What you need to do
Repeat each entry word for word; the images are not part of the copy.

Materials provided
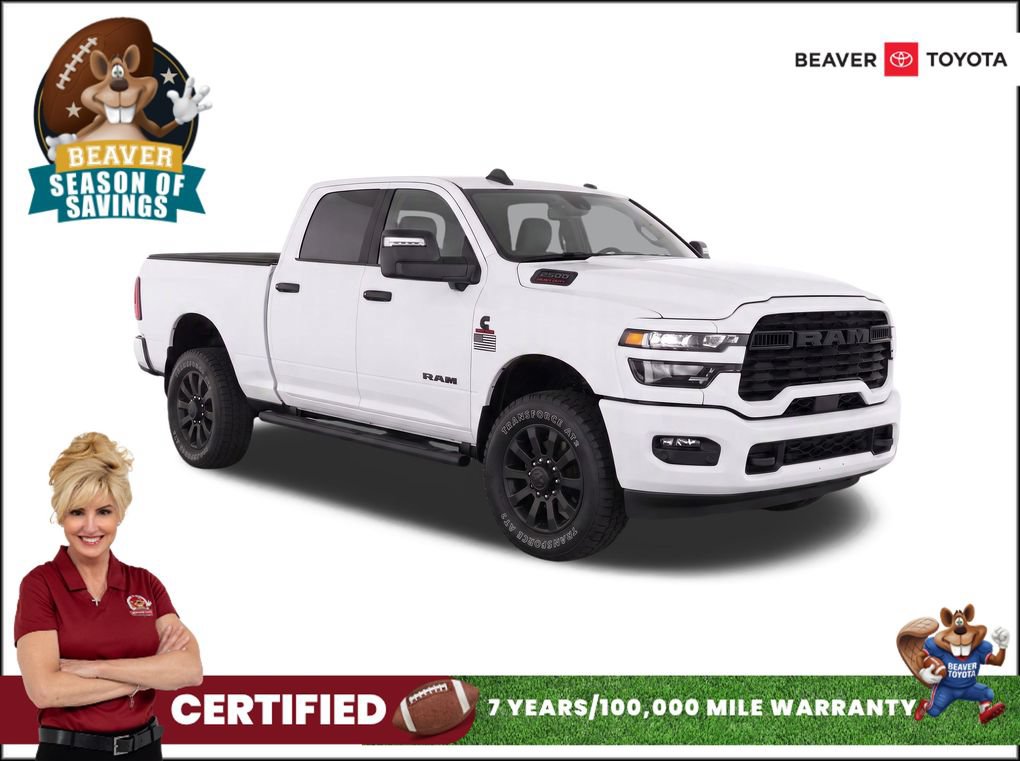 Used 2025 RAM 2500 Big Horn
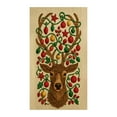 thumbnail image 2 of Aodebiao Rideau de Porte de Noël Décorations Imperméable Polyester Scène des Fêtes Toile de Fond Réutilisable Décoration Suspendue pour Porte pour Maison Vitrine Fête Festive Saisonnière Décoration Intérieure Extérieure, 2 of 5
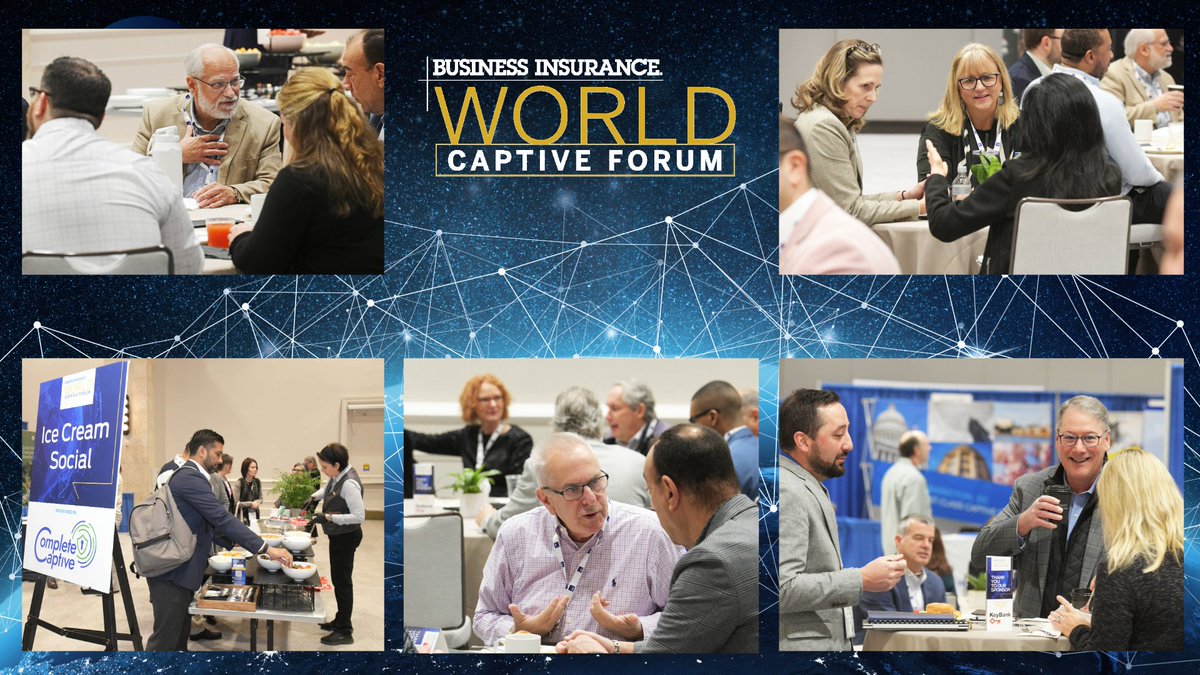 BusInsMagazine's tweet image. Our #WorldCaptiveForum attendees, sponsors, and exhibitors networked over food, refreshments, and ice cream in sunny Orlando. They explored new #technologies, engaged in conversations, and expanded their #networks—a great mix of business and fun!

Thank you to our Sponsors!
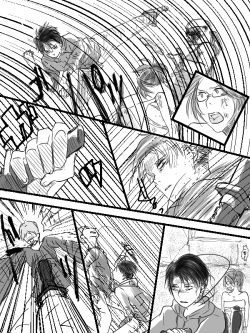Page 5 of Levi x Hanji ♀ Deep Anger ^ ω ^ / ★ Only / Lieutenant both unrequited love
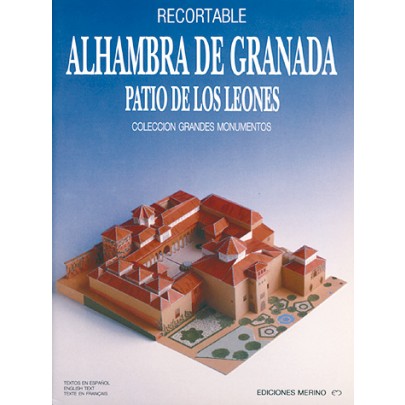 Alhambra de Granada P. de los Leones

Response box
 Used 2025 RAM 2500 Big Horn
 thumbnail image 2 of Aodebiao Rideau de Porte de Noël Décorations Imperméable Polyester Scène des Fêtes Toile de Fond Réutilisable Décoration Suspendue pour Porte pour Maison Vitrine Fête Festive Saisonnière Décoration Intérieure Extérieure, 2 of 5
 BusInsMagazine's tweet image. Our #WorldCaptiveForum attendees, sponsors, and exhibitors networked over food, refreshments, and ice cream in sunny Orlando. They explored new #technologies, engaged in conversations, and expanded their #networks—a great mix of business and fun!

Thank you to our Sponsors!
Page 5 of Levi x Hanji ♀ Deep Anger ^ ω ^ / ★ Only / Lieutenant both unrequited love
 Alhambra de Granada P. de los Leones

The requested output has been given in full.